◆ Activity:
Check every line of the data below for "Wood". Copy each one that has it.

◆ Material for the task:
★ ★ ★

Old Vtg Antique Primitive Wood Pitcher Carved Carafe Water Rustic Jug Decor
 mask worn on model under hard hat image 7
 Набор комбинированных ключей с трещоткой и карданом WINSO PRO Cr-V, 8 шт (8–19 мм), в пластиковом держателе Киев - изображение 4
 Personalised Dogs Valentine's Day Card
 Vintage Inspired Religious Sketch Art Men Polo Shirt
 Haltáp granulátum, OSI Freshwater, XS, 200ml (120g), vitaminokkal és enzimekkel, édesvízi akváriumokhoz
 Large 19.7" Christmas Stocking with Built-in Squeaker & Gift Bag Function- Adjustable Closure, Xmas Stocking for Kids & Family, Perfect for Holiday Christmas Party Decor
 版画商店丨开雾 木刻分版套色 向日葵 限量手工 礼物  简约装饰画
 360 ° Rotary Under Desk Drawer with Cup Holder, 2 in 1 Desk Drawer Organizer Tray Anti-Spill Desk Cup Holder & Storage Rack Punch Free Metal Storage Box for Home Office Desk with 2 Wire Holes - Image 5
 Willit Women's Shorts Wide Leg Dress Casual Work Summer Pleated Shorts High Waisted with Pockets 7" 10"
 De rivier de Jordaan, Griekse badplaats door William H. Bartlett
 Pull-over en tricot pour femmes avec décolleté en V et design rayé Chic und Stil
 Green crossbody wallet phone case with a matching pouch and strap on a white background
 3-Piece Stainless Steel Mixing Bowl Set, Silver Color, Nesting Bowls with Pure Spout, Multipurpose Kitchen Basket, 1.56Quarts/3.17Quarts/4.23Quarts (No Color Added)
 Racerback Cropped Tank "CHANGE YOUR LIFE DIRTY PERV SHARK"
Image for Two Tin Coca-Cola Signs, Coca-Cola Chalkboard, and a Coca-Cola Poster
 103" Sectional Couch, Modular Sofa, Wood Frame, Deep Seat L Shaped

★ ★ ★

◆ Completed task:
Old Vtg Antique Primitive Wood Pitcher Carved Carafe Water Rustic Jug Decor
 103" Sectional Couch, Modular Sofa, Wood Frame, Deep Seat L Shaped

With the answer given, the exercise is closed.